No hemiciclo, o secretário para a Segurança justificou a elaboração do diploma com “o rápido desenvolvimento da sociedade de Macau e a utilização de tipos de substâncias perigosas cada vez mais variados pelos diferentes sectores e indústrias traz alguns perigos potenciais de segurança para a comunidade”. Segundo o governante, a proposta visa “resolver os actuais problemas de falta de disposições próprias relativas ao controlo de algumas substâncias perigosas, assim como para proteger mais eficazmente a segurança de pessoas e bens”.
O diploma prevê a criação de um sistema de controlo e prevenção de danos, a definição de uma estrutura de competências e um órgão consultivo, a definição dos deveres dos utilizadores de substâncias perigosas, a criação de um regime de zonas de armazenagem controlada, o aperfeiçoamento da base de dados de substâncias perigosas, a atribuição das medidas preventivas aos serviços públicos e a criação de um regime sancionatório.
Durante a discussão, Wong Sio Chak adiantou que o armazém de substâncias perigosas de Ká-Hó deverá estar pronto em Setembro do próximo ano. De acordo com o governante, este armazém terá espaço para ter todas as substâncias perigosas espalhadas pelos diversos depósitos da cidade.

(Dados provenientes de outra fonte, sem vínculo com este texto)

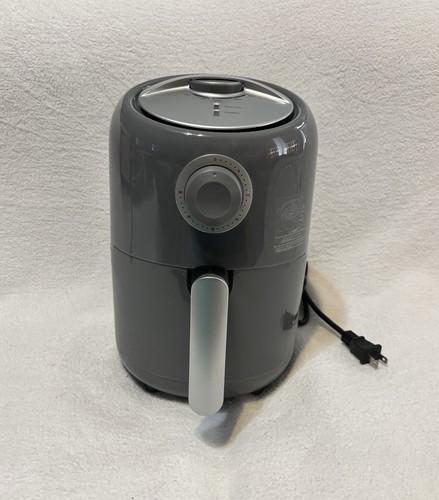 Friggitrice ferberware compact - friggitrice,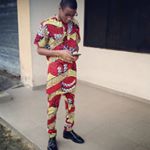 Profile Picture of Alexander Jefferson (@alexanderjefferson5659) on Instagram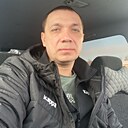 Денис, 38 лет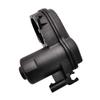 Feststellbremszangen-Aktuator 32352564 Für Mercedes-Benz GLE350 ML250 GL450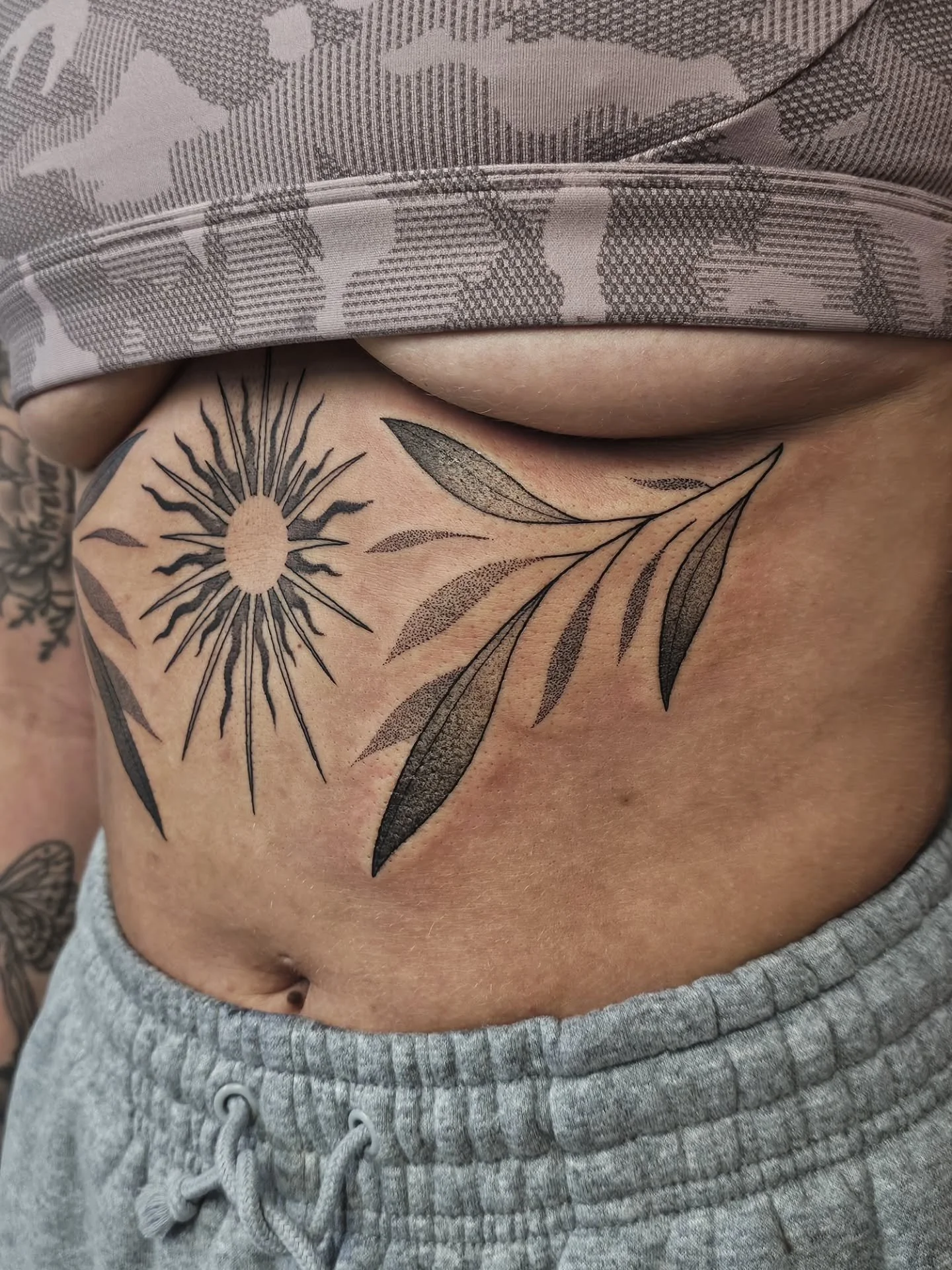 🌨 FEBRUARY COLLECTION 🌨
some of my favorites from last month - or, more or less the ones I got decent pictures of 👍 thank you to everyone who snags an appt, likes, comments, reposts, etc. love you guys ♡

☆ BOOKS OPEN APRIL 1ST FOR JUNE APPTS ☆

#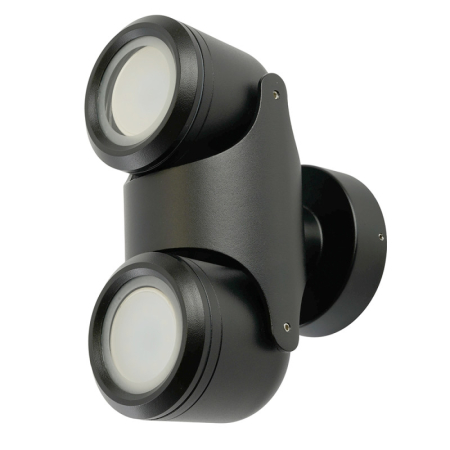 Светильник настенный Feron 51740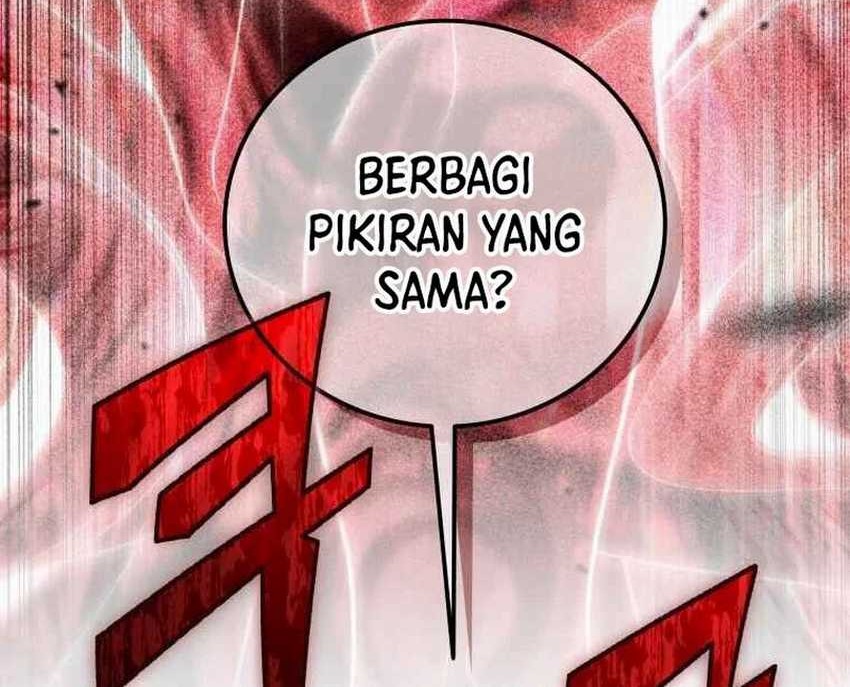 Halaman 4 dari 104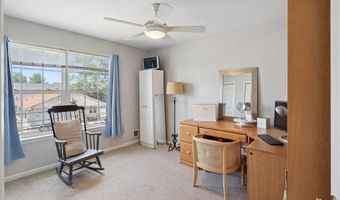 1527 Berkeley Ave, Beachwood, NJ 08722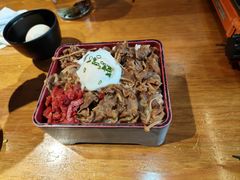 -三月居酒屋(青年大街店)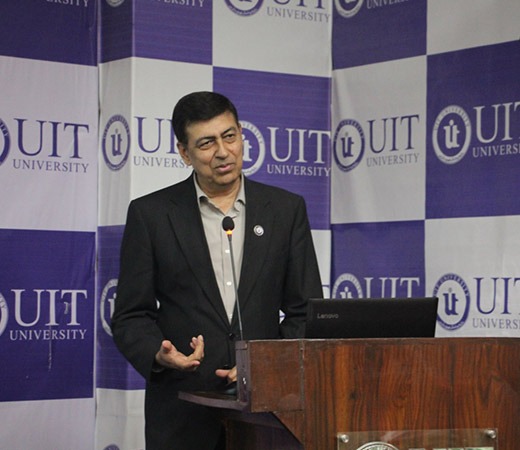 Visit-by-Quaid-e-Azam-Image-Four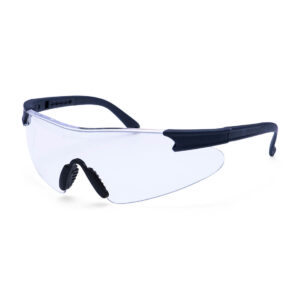 Okulary Curvo -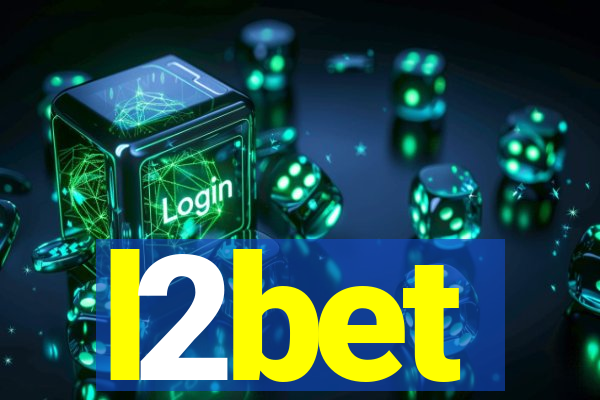 l2bet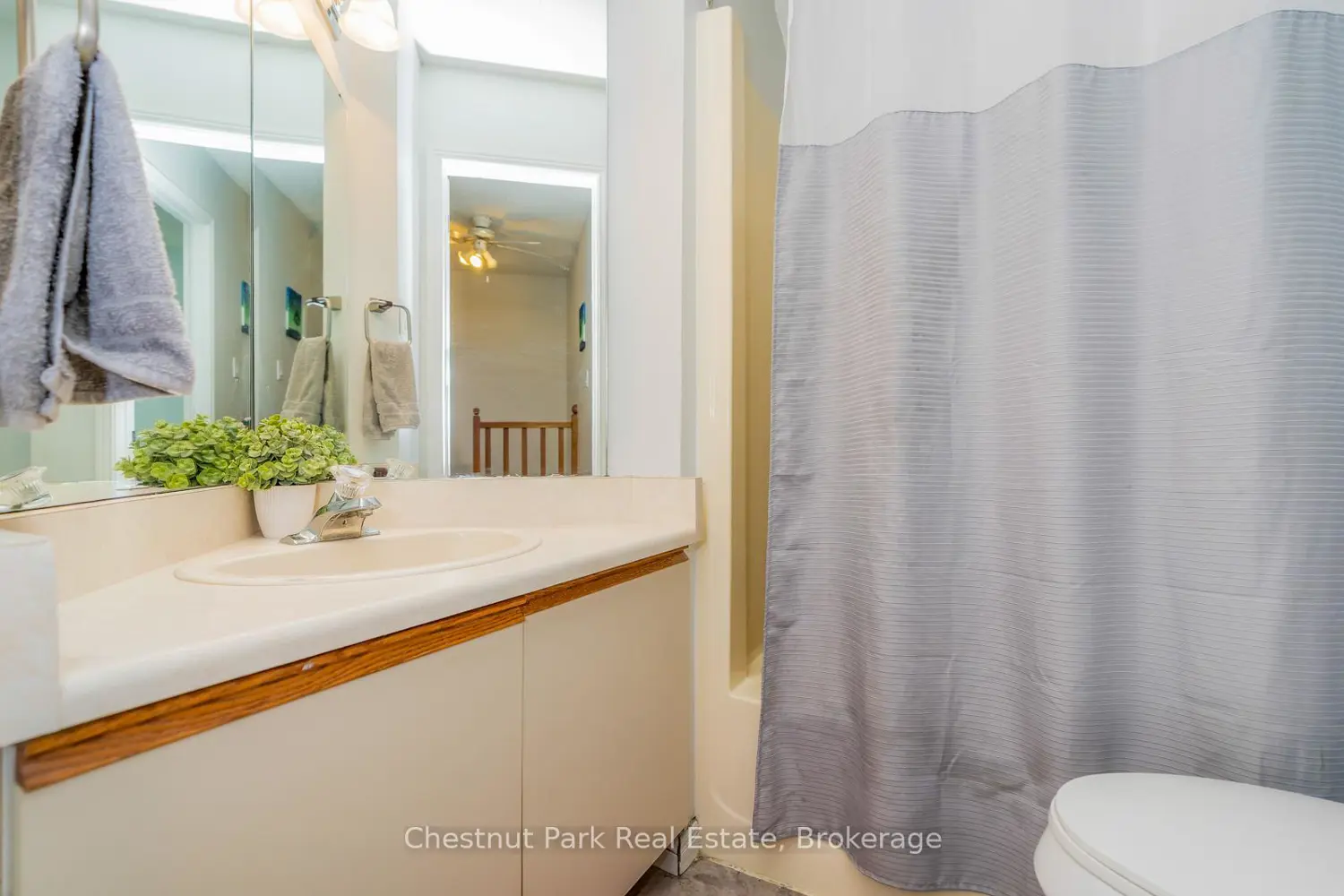 Additional image 9 of 18 Ramblings Way 97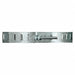 Water Heater Straps 80 gal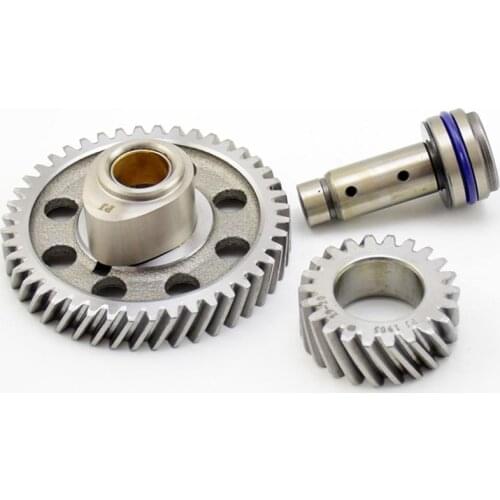 Motorcycle CG125 Camshaft Assy for HONDA CG125 CG150 ATV 125cc 150cc 156FMI 162FMJ accerssories parts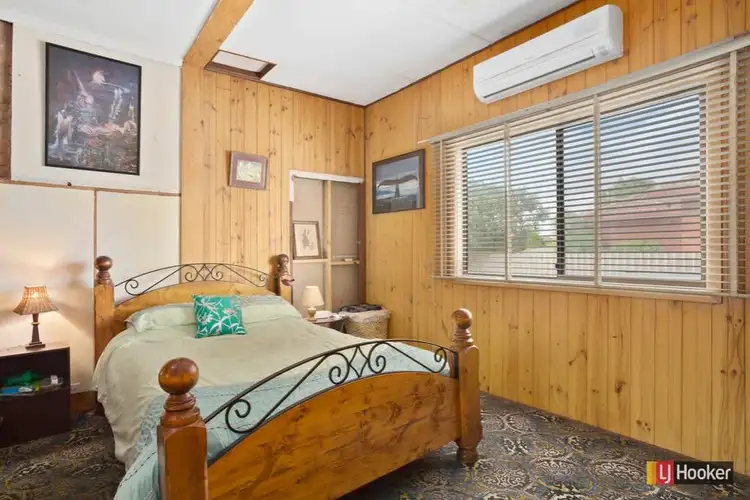 Fourth view of Homely house listing, 166 Wilson St, Colac VIC 3250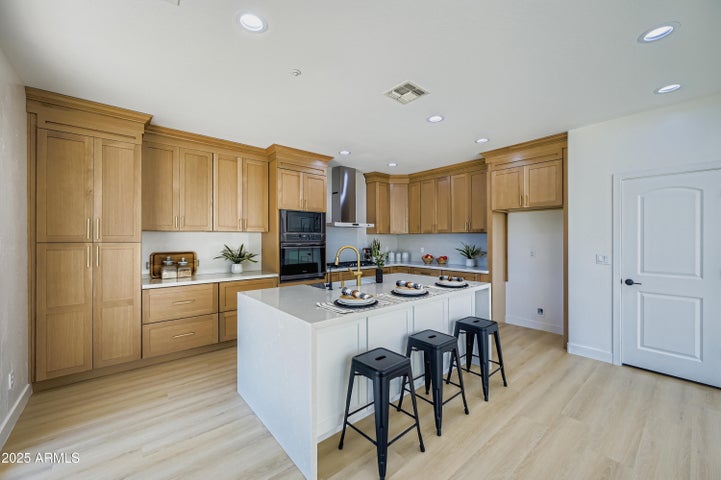 Peoria, Arizona, 85383, United States, 4 Bedrooms Bedrooms, ,4 BathroomsBathrooms,Residential,For Sale,1993879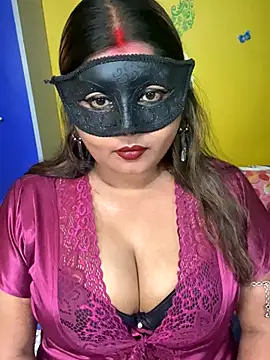 OrgsmMust online show from 10.09.25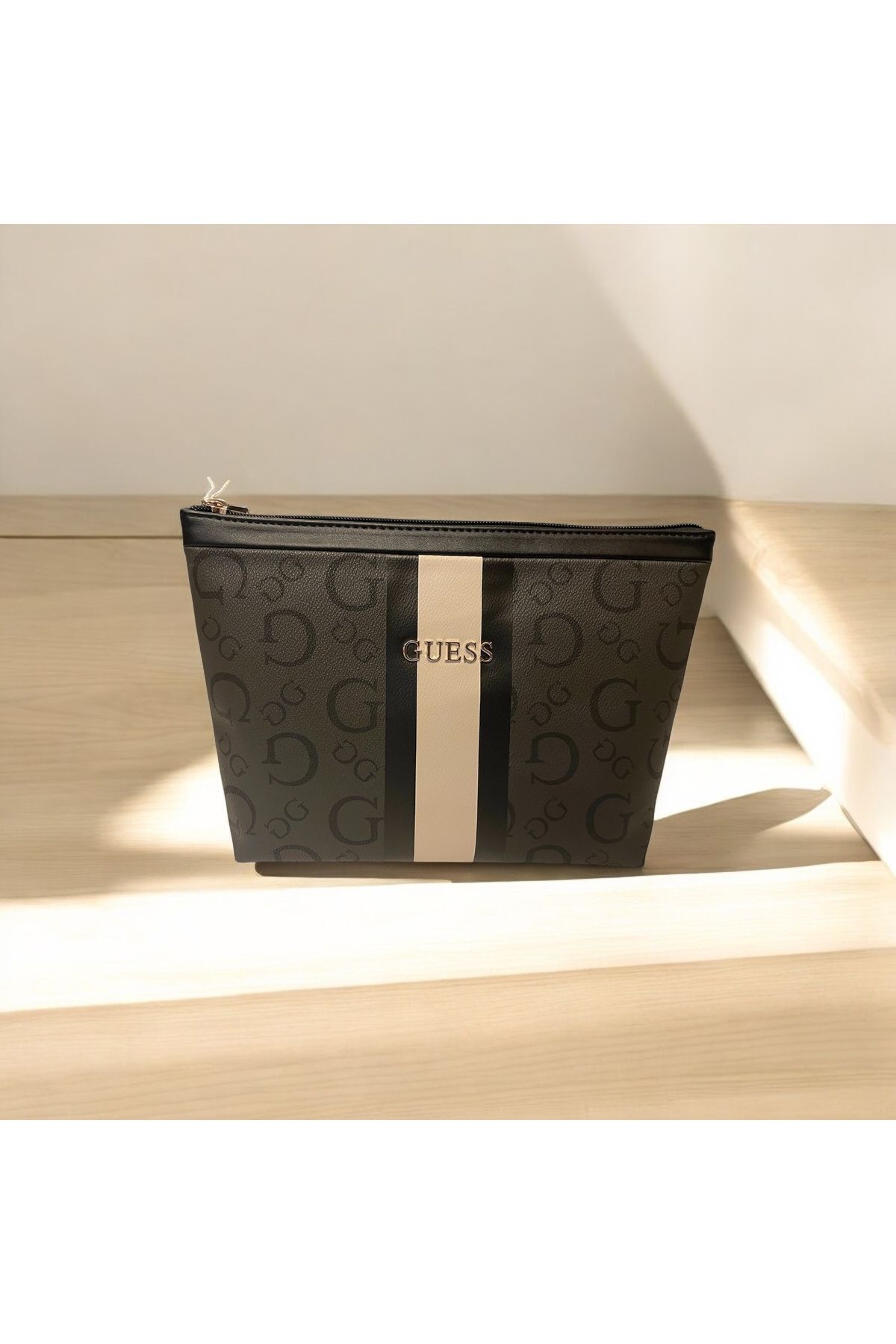 FAYSMITH TRAVEL BAG 0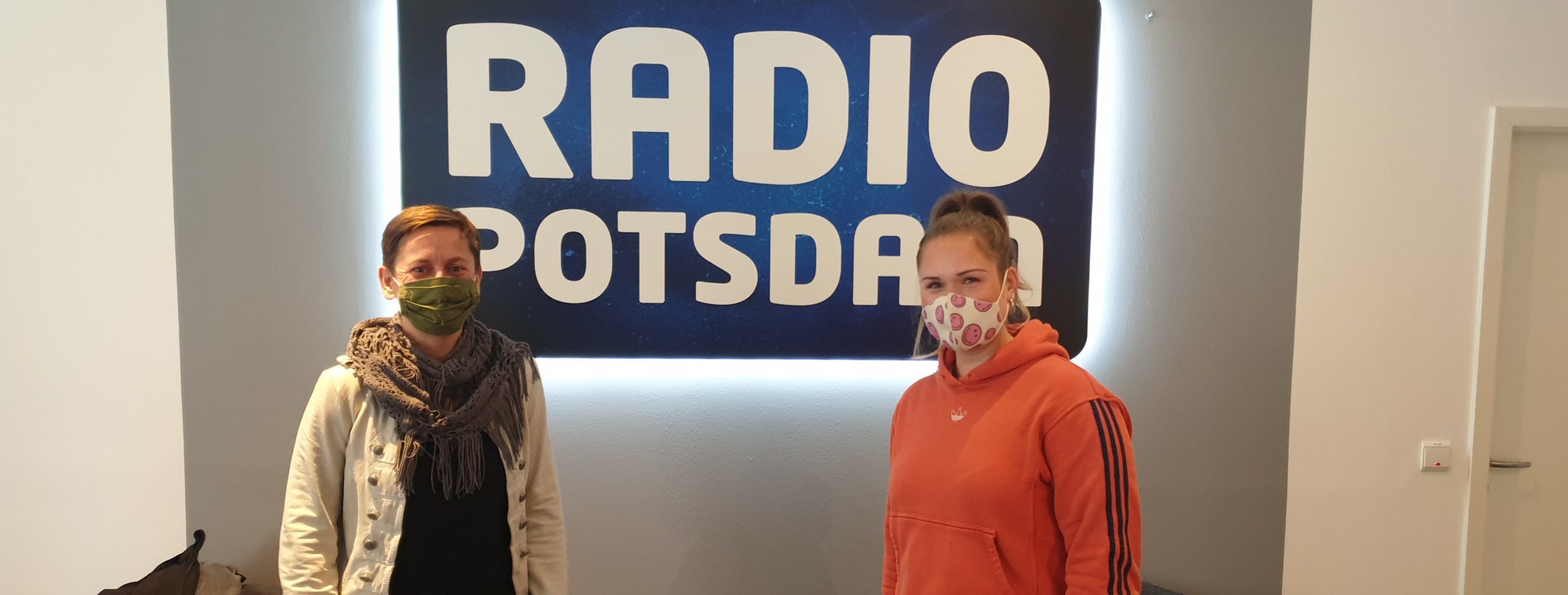 Babyzeit: Paar & Einzelcoach Jana Gose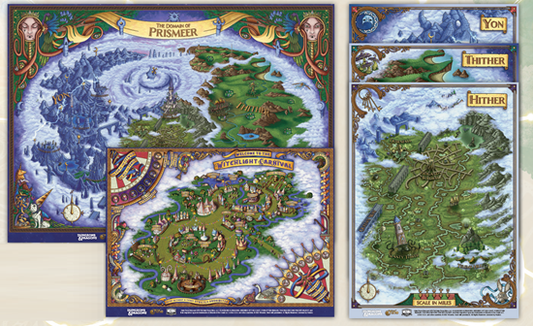 GF9 72807ITEM IMAGE 1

Na reunião plenária de ontem, a secretária para os Assuntos Sociais e Cultura também esteve presente para dar a conhecer aos deputados a alteração à lei de bases do sistema educativo não-superior e ao regime do ensino superior. Esta alteração fará com que seja feita a integração do Fundo do Ensino Superior, do Fundo de Desenvolvimento Educativo e do Fundo de Acção Social Escolar, da área de educação, num fundo autónomo.
Assim, o Governo criará um fundo autónomo “que organizará e coordenará, de forma global, as áreas do ensino superior e do ensino não superior, proporcionando os apoios financeiros e a acção social dos alunos às instituições educativas, às respectivas associações e aos indivíduos, a fim de produzir a eficácia da simplificação da estrutura e da distribuição coordenada”, explicou Elsie Ao Ieong.
No debate, a secretária garantiu que a fusão dos fundos não vai implicar a diminuição dos montantes nem a sobreposição entre delegações para o ensino superior e não superior. Os deputados à AL deram luz verde à proposta na generalidade.